The figure included both rebels and government forces that died while attempting to seize control of the northern Syrian city.

Although no exact toll could be given by the Syrian Observatory for Human Rights, the monitoring group said the majority of those killed since July 31 were rebels and jihadists "because of the aerial superiority of the regime and intense Russian airstrikes".

At least 130 civilians had also been killed since the fighting sparked on Sunday, the Observatory chief Rami Abdel Rahman said, noting that the majority of these died in rebel shelling of government-controlled districts.

In Hamdaniyeh, at least seven civilians were killed on Saturday when rebels shelled the government-held neighbourhood.

Leading Syrian rebel groups and announced that the siege of Aleppo was broken on Saturday after fighters captured new districts in the city.

Around 300,000 civilians were trapped in eastern parts of Aleppo, which had been encircled by regime troops and militias, before opposition fighters from Ahrar al-Sham, Jaish al-Islam, the Free Syrian Army and other Islamist and opposition factions launched an offensive.

The anti-regime forces captured the armaments school and most of the artillery school at a large military academy.

The news was announced by the former al-Nusra Front - renamed Jabhat Fateh al-Sham after breaking from al-Qaeda last week - who also declared it had seized a third military position.

"Rebels break Aleppo's siege," wrote the Istanbul-based National Coalition on Twitter. 

The Islamist faction Ahrar al-Sham also confirmed on Twitter that a rebel advance had "opened the route to Aleppo".

The rebels now control a road – passing through a southwestern suburb of Aleppo – which is the last open route into the city. 

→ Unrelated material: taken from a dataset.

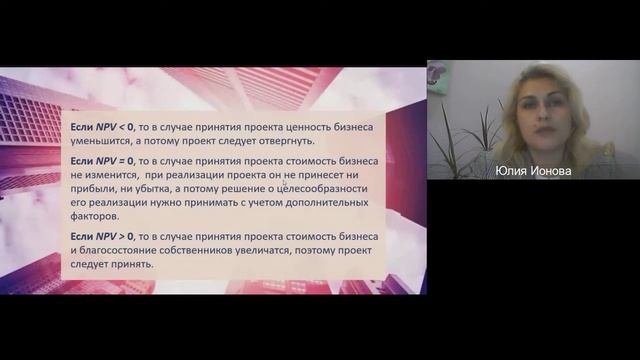 Оценка эффективности и сроков окупаемости проекта МСП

This means that rebels have cut off regime forces and open up a new road for their own besieged forces in the city's east. 

Abdel Rahman said the advance left the regime forces "in a very difficult position despite Russian air support".

"This is an existential battle. Whoever wins it will win Aleppo," he said

However, state-run media denied that the rebels captured these areas.

More than 280,000 people have been killed since Syria's conflict erupted in 2011 and millions have been forced to flee, including around five million who have sought refuge in neighbouring countries.